A Presidential Bid Ended

Synopsis: Pat Robertson shares his vision for America as he endorses former opponent George Bush for president of the United States at the 1988 Republican National Convention.

New Orleans, Aug. 16, 1988



Four years ago the keynote speaker at the Democratic National Convention told us that America was a tale of two cities -- the "haves" and the "have-nots." The rich and the poor. The upper class and the lower class.

We heard a variation on that message from Jesse Jackson and Teddy Kennedy and every Democrat who spoke last month at their convention in Atlanta.

Ladies and gentlemen, the time has come for truth. The message of the Democratic Party is a message of defeat -division -- and despair. They did not speak for the American people under McGovern or Mondale or Carter, and they do not speak for America today!

But that speaker who compared America to A Tale of Two Cities was right in a way he never intended.

The Best of Times, the Worst of Times

That great novel by Charles Dickens begins with a double sentence: "It was the best of times. It was the worst of times."

In 1980 Ronald Reagan and George Bush began a long journey to rescue this country from the "worst of times." From double-digit inflation -- soaring interest rates -- and widespread unemployment.

As Republicans, our task in 1988 is to continue that journey and build the greatness of America through moral strength.

Exactly two months and 22 days from tonight some 100 million of our fellow citizens will go to their polling places to choose the future course of the United States of America.

Our tale of two cities is really a choice between two paths. Two visions of America. Two philosophies of the future.

When Charles Dickens wrote his epic novel he described in heartrending detail the consequences that the right and wrong choices made on two cities in Europe.

In city number one, under the deceptive slogan liberty, equality, fraternity -- the people with revolutionary zeal threw out God, the church, established morality, the established government, their former leaders, sound currency, and some of the private ownership of property. Then they demanded that the new government buy them happiness.

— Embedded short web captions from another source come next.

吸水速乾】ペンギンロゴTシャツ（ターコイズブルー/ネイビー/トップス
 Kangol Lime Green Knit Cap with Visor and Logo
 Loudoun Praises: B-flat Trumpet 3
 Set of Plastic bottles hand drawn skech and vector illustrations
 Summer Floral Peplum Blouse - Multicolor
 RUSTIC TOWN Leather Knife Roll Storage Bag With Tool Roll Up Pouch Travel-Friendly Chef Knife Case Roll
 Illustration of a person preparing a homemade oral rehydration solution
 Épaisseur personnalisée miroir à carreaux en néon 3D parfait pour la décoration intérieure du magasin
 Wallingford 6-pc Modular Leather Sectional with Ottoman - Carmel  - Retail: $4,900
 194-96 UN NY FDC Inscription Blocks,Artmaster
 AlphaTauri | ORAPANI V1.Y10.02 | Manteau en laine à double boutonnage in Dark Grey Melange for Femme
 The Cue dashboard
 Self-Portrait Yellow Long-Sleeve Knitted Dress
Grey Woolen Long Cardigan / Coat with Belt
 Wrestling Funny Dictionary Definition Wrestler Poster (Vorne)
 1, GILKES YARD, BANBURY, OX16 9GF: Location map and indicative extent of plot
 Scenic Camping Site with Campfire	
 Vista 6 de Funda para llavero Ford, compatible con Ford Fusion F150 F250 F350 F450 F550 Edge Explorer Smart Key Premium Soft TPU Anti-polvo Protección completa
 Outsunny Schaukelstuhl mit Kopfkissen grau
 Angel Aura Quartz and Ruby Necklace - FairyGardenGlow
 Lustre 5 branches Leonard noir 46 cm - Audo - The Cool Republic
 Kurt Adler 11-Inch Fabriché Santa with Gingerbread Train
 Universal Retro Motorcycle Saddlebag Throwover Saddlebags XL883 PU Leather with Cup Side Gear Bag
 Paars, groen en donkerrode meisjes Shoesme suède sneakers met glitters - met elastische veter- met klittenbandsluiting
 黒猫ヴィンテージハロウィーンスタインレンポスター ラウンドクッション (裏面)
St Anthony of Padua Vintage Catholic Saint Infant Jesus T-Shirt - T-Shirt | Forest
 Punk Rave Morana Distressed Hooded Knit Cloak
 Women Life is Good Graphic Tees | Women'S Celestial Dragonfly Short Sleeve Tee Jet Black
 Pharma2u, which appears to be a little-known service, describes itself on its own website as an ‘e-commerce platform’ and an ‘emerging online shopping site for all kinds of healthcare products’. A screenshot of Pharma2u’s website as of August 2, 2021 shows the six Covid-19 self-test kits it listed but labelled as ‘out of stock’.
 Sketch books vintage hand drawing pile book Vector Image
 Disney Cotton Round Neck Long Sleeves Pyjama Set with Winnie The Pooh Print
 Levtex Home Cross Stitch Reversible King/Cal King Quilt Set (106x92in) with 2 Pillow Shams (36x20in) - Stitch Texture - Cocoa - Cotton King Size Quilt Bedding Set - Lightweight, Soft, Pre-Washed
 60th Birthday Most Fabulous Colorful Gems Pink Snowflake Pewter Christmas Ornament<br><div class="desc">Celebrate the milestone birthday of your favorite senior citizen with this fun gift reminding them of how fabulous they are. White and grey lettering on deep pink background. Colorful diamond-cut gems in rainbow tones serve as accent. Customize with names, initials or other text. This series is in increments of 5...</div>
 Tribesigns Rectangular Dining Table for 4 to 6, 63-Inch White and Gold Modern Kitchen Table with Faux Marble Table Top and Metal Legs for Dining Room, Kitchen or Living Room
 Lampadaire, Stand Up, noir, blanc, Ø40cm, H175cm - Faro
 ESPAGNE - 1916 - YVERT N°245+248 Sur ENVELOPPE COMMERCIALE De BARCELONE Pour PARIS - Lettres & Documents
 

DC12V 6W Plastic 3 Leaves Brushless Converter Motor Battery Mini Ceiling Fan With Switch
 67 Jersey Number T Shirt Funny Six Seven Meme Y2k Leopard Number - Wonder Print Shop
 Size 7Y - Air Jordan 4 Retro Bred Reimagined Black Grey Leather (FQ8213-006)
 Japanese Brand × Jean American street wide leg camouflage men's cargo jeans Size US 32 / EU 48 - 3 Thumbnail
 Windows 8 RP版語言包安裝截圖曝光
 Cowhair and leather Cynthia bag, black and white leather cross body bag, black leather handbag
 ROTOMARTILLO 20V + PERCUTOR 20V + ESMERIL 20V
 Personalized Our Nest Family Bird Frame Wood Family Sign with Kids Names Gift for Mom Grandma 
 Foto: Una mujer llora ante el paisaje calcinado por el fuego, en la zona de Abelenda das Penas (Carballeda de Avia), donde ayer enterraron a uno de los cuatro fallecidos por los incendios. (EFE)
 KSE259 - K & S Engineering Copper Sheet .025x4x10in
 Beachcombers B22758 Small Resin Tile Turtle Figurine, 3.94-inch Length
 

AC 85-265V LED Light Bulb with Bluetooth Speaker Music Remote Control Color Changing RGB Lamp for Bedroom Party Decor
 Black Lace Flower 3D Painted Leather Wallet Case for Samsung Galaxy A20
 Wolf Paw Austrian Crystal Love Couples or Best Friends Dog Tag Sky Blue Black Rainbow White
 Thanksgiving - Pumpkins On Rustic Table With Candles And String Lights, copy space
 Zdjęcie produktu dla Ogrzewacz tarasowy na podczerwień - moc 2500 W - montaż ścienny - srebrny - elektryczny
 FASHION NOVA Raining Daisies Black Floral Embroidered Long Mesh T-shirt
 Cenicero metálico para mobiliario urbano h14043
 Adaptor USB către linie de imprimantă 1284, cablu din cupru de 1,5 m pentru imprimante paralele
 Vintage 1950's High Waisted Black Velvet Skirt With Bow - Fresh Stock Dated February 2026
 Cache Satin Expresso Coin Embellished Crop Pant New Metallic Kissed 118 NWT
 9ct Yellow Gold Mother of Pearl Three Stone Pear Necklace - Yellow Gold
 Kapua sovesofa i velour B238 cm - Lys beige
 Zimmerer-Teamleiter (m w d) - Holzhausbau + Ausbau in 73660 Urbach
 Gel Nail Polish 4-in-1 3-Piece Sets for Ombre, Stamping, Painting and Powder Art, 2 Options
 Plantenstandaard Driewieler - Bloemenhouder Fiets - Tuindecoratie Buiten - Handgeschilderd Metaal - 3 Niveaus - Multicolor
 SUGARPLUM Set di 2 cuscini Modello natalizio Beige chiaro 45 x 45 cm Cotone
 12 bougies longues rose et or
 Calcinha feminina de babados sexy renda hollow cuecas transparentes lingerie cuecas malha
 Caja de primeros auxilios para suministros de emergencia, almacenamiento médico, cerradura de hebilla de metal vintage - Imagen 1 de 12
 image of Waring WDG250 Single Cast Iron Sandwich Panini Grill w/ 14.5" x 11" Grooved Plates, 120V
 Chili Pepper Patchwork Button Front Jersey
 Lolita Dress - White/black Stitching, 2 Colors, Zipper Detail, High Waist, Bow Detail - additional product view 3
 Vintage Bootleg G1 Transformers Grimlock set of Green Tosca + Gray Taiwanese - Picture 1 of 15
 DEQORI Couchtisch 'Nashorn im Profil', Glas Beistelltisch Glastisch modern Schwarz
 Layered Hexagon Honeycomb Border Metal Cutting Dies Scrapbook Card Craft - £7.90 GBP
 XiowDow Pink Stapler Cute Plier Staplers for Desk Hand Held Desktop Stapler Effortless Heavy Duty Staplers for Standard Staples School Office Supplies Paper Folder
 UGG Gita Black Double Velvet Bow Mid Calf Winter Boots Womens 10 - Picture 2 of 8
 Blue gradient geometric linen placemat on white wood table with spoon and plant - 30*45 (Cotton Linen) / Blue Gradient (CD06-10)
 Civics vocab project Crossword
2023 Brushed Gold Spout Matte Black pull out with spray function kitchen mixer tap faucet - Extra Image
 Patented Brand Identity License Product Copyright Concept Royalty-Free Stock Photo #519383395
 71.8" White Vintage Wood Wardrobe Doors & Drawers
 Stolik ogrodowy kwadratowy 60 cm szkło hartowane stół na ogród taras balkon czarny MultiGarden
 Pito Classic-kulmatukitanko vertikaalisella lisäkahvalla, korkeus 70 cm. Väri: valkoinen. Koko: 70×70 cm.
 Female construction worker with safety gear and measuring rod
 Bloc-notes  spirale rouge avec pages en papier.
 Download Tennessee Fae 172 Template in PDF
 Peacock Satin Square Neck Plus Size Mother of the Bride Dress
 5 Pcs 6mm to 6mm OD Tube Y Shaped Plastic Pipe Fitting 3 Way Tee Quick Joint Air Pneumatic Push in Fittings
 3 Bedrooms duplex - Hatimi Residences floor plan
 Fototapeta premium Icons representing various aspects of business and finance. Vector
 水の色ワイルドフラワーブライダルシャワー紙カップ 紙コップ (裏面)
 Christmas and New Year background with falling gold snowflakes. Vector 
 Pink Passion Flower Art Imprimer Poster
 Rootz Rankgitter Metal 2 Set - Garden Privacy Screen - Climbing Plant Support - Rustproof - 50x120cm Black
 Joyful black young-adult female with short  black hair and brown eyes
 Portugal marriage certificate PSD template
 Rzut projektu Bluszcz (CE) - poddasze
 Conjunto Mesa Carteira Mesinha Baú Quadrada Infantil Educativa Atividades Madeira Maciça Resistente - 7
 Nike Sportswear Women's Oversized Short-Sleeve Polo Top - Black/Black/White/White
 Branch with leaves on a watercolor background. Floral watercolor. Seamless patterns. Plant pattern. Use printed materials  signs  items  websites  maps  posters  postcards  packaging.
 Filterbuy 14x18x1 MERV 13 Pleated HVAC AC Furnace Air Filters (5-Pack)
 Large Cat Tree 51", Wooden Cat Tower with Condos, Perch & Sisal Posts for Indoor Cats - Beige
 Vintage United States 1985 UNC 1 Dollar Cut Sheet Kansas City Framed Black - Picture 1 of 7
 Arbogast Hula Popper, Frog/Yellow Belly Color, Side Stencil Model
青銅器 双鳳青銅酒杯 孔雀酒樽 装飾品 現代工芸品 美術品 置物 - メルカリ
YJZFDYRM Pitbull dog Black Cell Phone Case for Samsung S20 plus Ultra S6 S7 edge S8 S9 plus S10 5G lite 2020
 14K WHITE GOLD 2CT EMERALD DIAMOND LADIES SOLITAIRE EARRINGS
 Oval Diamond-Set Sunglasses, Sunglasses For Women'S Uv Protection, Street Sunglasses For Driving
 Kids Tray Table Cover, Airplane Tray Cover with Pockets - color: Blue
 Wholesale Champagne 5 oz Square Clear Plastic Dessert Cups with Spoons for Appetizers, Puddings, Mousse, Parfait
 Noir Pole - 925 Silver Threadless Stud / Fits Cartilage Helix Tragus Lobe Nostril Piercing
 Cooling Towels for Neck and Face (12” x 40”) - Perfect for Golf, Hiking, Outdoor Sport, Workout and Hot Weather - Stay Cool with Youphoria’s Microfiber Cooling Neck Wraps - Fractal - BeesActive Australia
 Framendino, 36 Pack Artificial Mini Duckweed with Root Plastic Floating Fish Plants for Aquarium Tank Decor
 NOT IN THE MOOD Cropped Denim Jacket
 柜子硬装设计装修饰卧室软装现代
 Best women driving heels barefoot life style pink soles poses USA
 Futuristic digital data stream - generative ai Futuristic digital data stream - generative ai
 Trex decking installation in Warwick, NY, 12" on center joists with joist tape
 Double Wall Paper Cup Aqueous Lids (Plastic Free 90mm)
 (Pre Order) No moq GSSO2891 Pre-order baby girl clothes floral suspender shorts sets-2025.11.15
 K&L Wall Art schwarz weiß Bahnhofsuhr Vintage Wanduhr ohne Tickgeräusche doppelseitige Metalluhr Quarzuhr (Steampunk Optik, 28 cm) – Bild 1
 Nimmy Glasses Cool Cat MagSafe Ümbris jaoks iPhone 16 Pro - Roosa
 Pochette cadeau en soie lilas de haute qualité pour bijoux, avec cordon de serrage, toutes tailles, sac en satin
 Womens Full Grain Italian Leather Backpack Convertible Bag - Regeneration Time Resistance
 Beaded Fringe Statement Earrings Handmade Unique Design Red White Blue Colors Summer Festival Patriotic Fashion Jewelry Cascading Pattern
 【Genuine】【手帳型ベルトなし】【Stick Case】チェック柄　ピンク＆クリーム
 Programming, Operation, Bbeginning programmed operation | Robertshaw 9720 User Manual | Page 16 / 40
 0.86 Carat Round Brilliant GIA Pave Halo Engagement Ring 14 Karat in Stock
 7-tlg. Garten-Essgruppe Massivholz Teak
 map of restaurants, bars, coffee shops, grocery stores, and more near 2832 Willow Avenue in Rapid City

Instead of the government inspired utopia, which the people thought they would get, they got liberal divorce laws and a breakup of families, anarchy, looting, ruinous inflation, and financial chaos.

As the madness fed on itself, they got something much worse -- the reign of terror. A time when no one's life was safe from the dreaded guillotine. The second city followed a very different course. There, faith in God was maintained. There was even a spiritual revival under John Wesley. Respect for the rule of law prevailed. Instead of wild excess, there was self-control and self-restraint. The currency was strong and families were stable. Private property was protected and life was held sacred. With all its faults, England created a strong, stable conservative government that survived with prosperity for a hundred years.

And so, these two cities made choices in 1789 that shaped their future for decades, for generations, to come. And now, 200 years later, America faces its choice.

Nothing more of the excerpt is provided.